**Exercise details**
Your response must be made up of each line in the data below that contains the string "Beer".

**Data to examine**

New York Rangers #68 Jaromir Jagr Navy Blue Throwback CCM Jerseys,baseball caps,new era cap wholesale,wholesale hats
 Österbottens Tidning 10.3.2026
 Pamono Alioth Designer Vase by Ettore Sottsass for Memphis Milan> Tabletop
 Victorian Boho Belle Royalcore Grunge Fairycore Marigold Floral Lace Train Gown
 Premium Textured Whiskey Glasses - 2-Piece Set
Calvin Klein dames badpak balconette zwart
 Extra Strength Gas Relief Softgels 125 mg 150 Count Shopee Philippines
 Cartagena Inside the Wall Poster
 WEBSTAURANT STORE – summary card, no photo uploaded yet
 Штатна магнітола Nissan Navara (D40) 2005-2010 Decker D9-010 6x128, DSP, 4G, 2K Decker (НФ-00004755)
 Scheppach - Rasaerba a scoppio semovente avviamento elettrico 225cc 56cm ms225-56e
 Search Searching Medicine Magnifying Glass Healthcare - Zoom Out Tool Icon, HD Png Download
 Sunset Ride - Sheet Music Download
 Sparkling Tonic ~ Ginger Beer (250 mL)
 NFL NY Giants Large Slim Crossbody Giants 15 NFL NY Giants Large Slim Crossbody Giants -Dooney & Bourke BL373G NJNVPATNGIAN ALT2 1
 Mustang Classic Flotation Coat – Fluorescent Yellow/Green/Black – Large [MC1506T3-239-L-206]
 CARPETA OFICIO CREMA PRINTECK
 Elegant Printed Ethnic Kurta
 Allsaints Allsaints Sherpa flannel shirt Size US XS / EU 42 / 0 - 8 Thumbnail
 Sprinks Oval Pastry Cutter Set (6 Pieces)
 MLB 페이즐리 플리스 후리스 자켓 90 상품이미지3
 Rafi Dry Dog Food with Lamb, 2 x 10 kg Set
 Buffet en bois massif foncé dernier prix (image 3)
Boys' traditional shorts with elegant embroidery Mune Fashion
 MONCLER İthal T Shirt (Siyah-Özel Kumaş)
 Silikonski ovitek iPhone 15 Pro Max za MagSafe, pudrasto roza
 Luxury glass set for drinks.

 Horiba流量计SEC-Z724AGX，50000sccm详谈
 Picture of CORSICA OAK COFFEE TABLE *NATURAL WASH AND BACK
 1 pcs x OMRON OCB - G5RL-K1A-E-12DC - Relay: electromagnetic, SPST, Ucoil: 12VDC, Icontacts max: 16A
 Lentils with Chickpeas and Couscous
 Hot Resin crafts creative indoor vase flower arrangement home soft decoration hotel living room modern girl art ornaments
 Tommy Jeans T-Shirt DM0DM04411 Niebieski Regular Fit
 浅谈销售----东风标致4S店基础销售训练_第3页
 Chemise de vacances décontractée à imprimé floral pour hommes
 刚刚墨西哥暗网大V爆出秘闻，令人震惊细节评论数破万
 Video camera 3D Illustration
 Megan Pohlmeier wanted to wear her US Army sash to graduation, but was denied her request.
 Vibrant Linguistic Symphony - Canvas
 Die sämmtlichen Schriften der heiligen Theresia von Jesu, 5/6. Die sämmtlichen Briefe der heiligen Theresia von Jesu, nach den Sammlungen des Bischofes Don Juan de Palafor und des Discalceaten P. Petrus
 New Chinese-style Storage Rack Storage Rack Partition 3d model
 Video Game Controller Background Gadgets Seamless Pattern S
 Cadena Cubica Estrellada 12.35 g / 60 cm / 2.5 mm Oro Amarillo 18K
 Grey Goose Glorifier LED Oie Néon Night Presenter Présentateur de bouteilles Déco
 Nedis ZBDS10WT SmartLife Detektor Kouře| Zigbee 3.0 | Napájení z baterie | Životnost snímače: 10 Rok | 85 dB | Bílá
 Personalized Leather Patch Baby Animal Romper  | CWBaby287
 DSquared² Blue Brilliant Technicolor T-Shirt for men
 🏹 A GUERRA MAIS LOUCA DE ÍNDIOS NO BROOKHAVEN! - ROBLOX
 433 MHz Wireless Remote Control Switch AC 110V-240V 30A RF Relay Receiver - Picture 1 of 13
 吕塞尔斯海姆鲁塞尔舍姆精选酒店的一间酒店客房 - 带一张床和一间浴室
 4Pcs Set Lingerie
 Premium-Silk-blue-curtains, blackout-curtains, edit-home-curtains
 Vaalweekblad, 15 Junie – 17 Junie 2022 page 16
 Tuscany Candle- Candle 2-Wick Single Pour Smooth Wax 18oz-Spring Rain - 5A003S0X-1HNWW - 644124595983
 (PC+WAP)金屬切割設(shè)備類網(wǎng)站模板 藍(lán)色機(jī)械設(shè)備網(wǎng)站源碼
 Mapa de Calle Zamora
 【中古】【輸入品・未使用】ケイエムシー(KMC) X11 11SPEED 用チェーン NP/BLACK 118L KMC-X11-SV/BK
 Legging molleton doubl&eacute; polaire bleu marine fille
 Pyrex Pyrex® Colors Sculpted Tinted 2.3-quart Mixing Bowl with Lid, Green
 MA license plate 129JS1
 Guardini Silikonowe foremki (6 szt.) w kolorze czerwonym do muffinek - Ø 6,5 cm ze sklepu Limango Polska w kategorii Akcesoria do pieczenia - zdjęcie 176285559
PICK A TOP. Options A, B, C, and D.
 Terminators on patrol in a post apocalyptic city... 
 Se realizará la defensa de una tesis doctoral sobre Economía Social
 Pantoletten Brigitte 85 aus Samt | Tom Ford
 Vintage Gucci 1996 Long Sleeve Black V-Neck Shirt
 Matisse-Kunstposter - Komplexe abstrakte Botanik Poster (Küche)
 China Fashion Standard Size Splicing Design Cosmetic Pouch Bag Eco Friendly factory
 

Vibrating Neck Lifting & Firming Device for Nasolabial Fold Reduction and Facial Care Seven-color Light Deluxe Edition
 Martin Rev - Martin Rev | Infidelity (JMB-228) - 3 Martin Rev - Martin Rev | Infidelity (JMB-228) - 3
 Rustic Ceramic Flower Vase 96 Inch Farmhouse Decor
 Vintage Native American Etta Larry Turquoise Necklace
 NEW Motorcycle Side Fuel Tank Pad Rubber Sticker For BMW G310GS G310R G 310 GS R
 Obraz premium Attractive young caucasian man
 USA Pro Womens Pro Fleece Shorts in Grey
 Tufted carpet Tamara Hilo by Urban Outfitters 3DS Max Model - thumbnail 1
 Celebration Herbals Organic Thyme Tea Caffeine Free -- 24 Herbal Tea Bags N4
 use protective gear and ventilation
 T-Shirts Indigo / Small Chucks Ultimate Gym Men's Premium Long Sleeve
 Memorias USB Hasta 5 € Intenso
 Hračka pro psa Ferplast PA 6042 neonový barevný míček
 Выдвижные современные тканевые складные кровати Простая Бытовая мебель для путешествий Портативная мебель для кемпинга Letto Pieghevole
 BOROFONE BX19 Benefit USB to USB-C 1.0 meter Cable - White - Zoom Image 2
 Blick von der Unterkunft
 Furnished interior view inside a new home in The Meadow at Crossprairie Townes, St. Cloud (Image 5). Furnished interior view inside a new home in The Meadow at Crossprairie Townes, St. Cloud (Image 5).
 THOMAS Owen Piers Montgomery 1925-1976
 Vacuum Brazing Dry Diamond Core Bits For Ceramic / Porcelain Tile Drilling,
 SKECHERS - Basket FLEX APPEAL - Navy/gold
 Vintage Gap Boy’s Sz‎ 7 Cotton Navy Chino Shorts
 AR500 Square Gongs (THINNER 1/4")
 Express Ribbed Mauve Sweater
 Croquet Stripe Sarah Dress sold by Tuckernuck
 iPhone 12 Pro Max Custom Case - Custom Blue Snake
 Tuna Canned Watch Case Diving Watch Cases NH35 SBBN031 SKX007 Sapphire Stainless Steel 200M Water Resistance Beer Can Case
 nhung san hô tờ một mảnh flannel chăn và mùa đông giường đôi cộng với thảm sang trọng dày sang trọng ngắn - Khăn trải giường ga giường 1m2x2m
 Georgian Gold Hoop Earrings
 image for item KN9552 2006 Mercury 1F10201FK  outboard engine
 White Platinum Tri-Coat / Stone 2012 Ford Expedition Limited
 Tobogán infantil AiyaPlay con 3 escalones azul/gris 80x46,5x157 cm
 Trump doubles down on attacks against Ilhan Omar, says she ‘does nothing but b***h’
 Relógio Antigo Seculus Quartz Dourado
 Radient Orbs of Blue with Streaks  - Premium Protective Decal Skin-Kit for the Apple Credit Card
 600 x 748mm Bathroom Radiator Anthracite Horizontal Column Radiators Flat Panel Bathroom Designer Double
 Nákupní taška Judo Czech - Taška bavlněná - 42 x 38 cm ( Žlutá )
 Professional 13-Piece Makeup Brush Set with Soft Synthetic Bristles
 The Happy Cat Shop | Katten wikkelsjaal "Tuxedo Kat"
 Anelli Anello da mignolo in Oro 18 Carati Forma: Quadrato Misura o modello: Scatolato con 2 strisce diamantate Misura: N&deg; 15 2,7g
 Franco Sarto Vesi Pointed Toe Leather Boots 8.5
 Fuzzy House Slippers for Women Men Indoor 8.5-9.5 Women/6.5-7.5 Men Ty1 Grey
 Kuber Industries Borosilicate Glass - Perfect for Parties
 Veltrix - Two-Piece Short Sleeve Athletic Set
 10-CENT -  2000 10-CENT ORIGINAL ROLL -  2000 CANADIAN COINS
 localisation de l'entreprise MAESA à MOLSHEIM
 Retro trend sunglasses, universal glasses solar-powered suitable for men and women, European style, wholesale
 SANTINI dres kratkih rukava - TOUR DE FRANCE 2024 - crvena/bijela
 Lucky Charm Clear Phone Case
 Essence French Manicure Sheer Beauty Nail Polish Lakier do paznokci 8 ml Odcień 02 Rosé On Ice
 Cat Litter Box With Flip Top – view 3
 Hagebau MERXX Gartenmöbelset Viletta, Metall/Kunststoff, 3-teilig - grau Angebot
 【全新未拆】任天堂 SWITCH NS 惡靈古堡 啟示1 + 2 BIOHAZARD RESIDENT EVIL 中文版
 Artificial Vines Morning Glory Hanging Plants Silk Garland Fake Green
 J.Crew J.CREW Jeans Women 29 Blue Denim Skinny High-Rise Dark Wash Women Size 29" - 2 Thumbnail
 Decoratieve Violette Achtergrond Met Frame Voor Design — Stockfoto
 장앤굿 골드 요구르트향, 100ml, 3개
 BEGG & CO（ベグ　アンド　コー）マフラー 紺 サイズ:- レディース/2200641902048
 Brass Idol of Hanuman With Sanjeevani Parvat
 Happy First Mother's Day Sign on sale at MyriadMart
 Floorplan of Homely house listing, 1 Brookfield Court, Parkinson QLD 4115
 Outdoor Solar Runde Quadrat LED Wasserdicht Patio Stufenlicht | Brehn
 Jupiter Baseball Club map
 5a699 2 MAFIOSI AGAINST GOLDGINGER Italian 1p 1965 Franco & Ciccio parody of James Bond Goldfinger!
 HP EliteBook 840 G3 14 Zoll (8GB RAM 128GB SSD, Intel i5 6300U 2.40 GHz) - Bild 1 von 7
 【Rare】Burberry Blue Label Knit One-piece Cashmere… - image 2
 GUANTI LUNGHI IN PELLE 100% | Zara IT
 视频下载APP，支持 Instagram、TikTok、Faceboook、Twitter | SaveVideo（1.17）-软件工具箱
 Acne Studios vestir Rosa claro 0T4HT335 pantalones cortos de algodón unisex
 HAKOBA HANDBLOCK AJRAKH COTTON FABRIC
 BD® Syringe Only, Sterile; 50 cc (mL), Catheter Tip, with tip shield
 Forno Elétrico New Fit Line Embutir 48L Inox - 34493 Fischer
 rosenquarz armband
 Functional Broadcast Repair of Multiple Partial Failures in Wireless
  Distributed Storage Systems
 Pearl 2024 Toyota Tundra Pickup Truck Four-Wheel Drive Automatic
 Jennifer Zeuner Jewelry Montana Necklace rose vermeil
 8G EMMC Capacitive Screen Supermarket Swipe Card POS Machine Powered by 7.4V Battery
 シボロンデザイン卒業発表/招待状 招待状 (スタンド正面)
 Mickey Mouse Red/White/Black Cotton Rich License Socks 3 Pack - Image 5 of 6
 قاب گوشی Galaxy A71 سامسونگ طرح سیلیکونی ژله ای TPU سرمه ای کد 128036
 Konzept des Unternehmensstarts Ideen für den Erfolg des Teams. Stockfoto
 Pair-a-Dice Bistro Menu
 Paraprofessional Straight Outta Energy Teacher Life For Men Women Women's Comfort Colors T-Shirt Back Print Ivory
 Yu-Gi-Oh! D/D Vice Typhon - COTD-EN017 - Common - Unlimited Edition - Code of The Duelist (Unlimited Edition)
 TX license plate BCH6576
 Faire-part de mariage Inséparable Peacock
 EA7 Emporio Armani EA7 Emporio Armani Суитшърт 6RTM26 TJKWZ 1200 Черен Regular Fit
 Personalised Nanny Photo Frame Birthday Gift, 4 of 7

**Result for this exercise**
 Sparkling Tonic ~ Ginger Beer (250 mL)
 Tuna Canned Watch Case Diving Watch Cases NH35 SBBN031 SKX007 Sapphire Stainless Steel 200M Water Resistance Beer Can Case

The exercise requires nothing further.